Task: Filter the listing below down to the lines with the word "Yellow" and copy those.

Segment Open

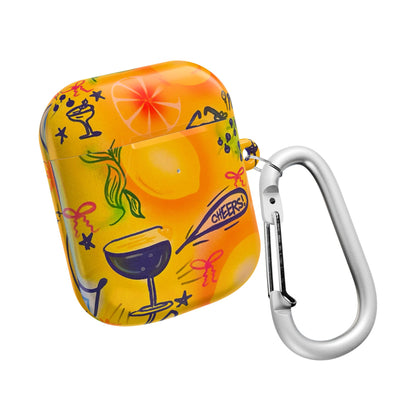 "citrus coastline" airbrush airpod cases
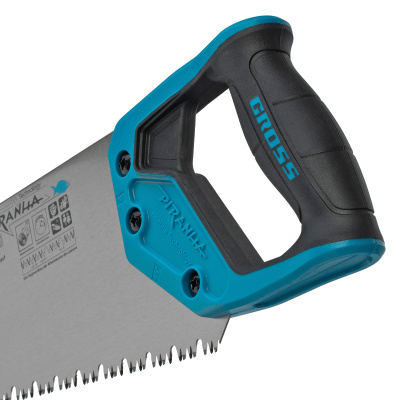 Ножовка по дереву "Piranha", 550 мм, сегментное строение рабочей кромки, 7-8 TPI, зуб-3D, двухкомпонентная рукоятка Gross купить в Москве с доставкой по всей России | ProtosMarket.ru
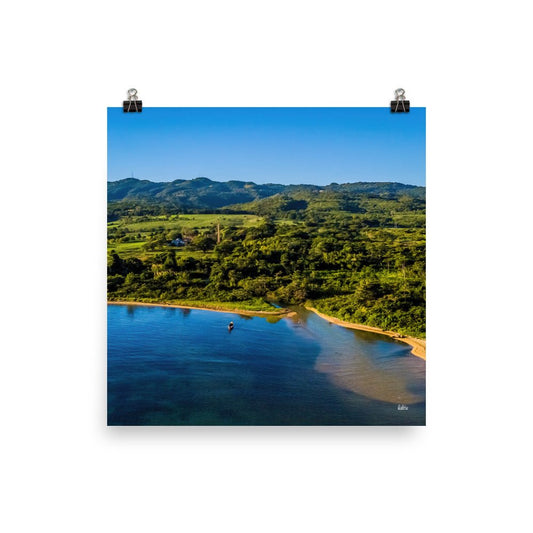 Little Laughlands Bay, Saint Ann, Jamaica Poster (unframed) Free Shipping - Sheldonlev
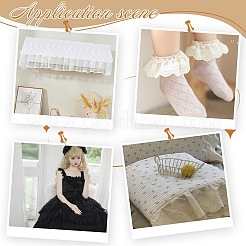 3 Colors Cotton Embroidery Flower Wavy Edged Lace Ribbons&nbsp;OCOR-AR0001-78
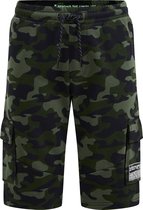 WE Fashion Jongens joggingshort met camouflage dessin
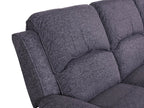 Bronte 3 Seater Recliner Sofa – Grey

Segment Closed
Segment Open

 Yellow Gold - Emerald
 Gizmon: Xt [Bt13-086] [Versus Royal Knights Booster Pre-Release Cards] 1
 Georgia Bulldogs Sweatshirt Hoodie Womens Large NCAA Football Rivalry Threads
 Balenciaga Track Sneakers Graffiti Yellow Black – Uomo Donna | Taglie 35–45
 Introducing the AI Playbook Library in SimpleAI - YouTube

Segment Closed
Segment Open

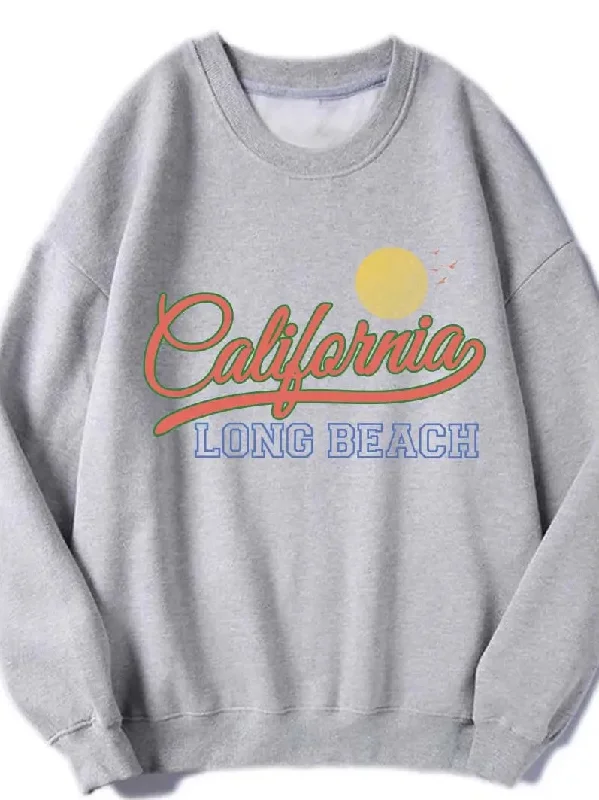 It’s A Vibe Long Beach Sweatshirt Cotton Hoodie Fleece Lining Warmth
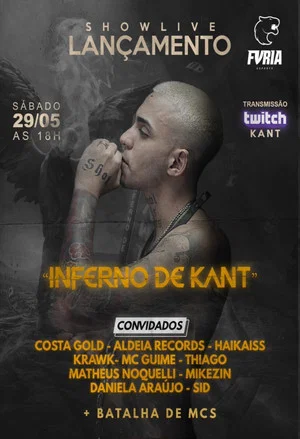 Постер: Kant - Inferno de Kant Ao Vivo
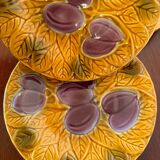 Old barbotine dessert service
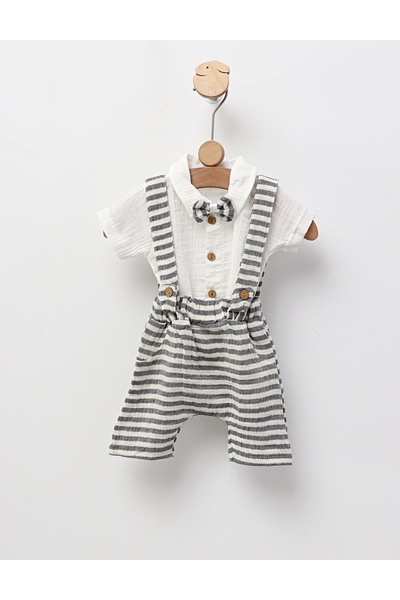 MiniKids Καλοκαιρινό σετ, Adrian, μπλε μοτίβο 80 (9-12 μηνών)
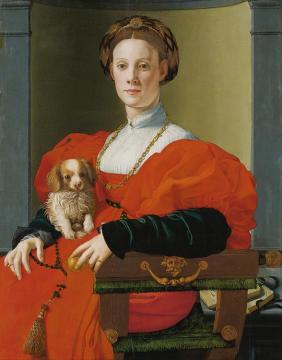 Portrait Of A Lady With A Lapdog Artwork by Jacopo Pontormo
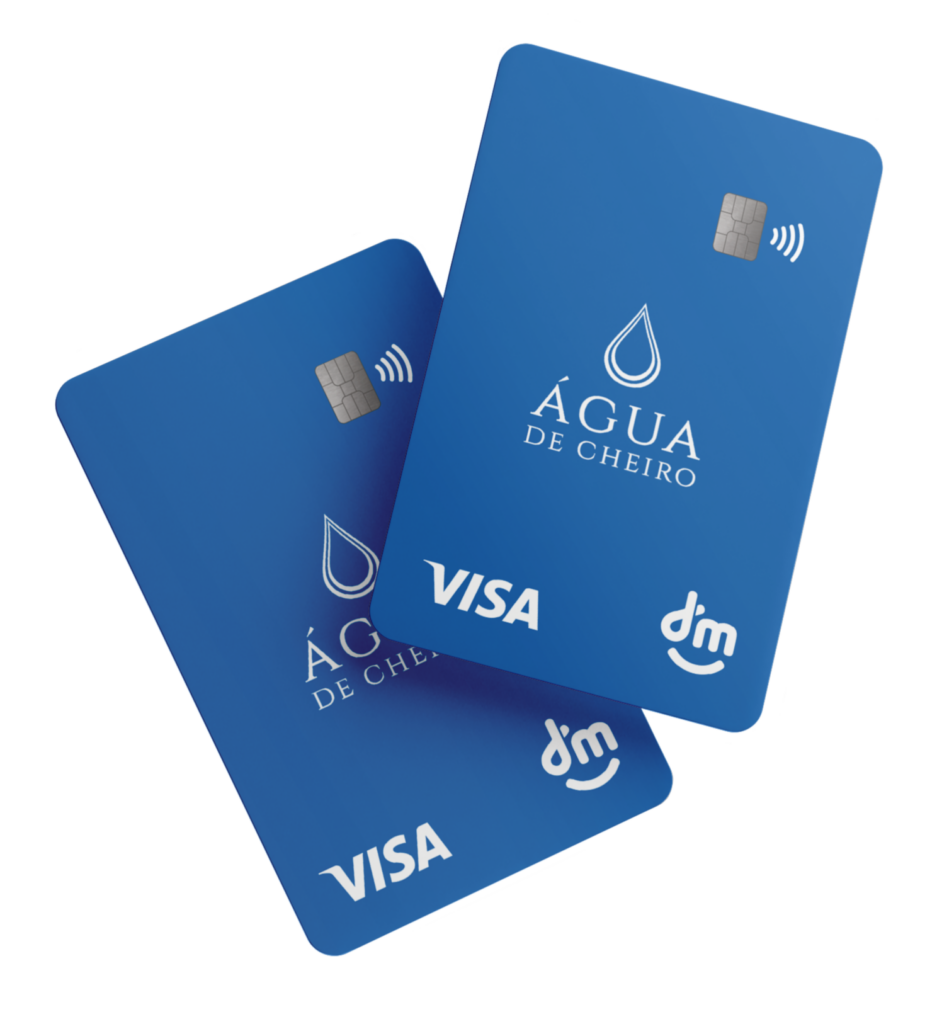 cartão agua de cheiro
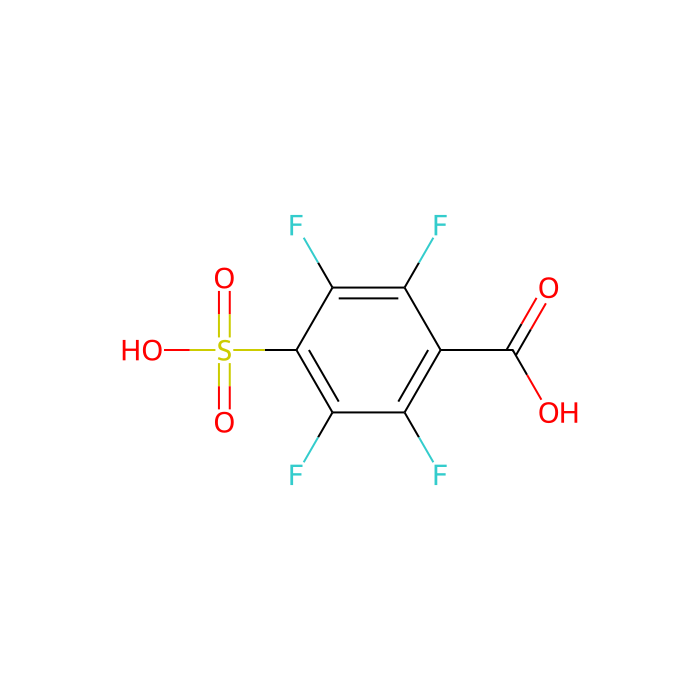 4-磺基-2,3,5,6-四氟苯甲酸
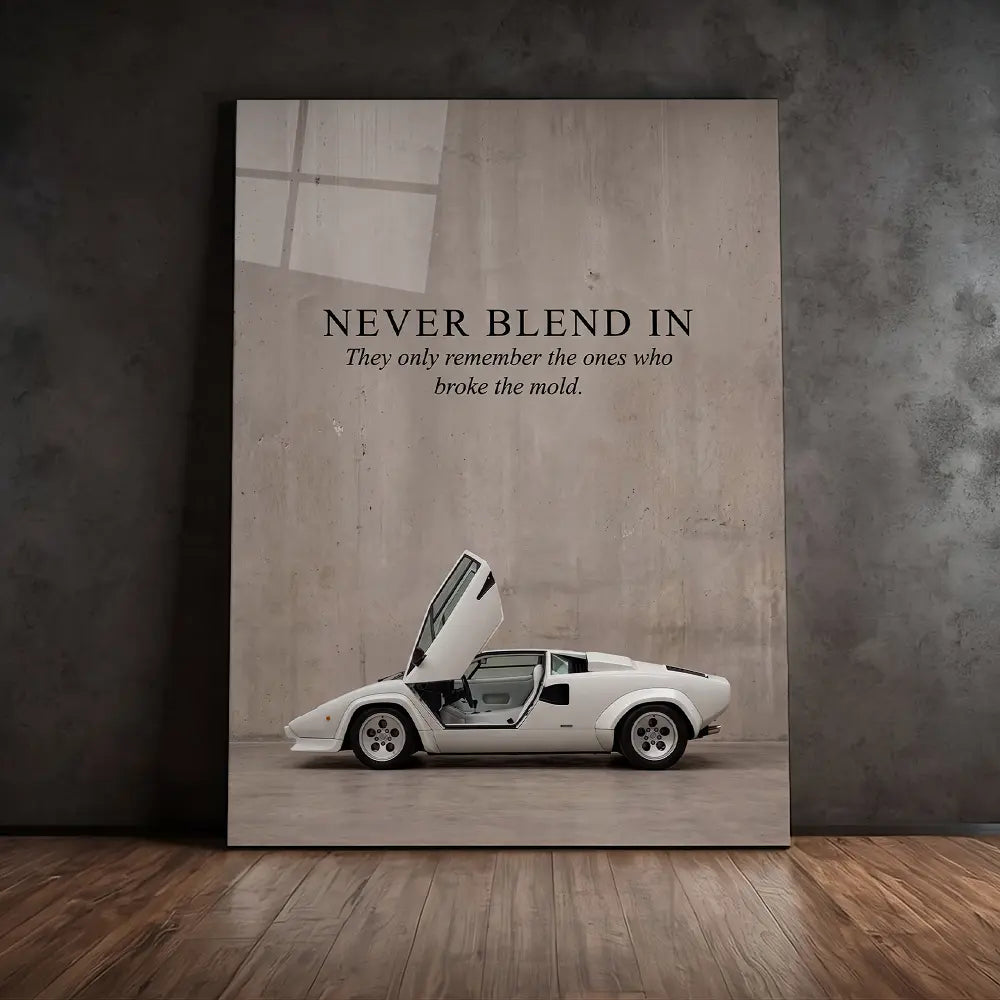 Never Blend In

Segment Closed

Result of this task:
 Yellow Gold - Emerald
 Balenciaga Track Sneakers Graffiti Yellow Black – Uomo Donna | Taglie 35–45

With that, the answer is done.